Continuing to expand hands-on learning opportunities, Berkeley Law launched two in-house clinics this past year.
Led by former California Deputy Attorney General Claudia Polsky ’96, the Environmental Law Clinic gives students enviable training opportunities and bolsters the school’s highly regarded environmental law program. The clinic will focus squarely on certain issues and choose projects that can make a real-world difference, identify leverage points that spark meaningful reform, and have a strong chance to succeed.
“I’m generally not drawn to producing another amicus brief on top of 15 others in a case,” Polsky says. “With rising temperatures, extraordinary pollution levels, and daily extinction of species, we need to make a bigger impact.”
The clinic tackled three projects last semester. One analyzed whether the Environmental Protection Agency should consider the monetary costs of cleaning downstream pesticide-polluted water when deciding whether to authorize pesticides for nationwide use—which could affect numerous regulatory decisions. Another worked on a California auto insurance program that could cut greenhouse gas emissions by 8 percent by reducing discretionary miles. A third sought to compel a state agency to disclose its health assessment and precautionary recommendations regarding cell phones’ electro-magnetic fields.
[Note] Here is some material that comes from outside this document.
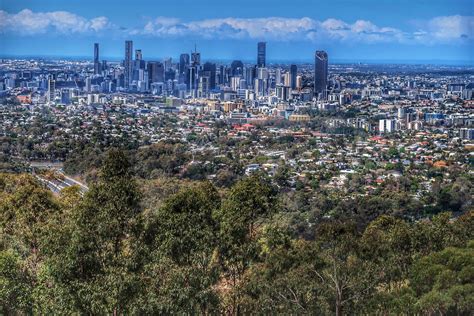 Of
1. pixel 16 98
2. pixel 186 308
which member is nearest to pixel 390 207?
pixel 186 308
Clinic areas of emphasis include climate change, toxics reduction, realizing the human right to water and sanitation, creating green jobs, and facilitating access to nature.
After piloting within the East Bay Community Law Center, the Policy Advocacy Clinic (PAC) launched last fall as a stand-alone entity. Berkeley Law and public policy students collaborate on projects aimed at increasing social justice, equity, and inclusion for underserved clients.
Led by longtime clinical professor Jeffrey Selbin, the clinic released a report on the growing tendency to criminalize homelessness in California—which became a central piece of a legislative campaign to enact basic civil rights protections for homeless people.
PAC also works to eradicate burdensome juvenile court fees for low-income families. The clinic achieved a major victory in March, when its research led to a moratorium on the assessment and collection of such fees in Alameda County.
“We confront issues that disproportionately harm low-income people and people of color,” says Selbin, whose clinic also works to increase police accountability and to help low-income Californians better access vital programs within the Affordable Care Act. “It’s great to see students expanding their toolkits beyond traditional litigation and transactional skills in order to effect change.”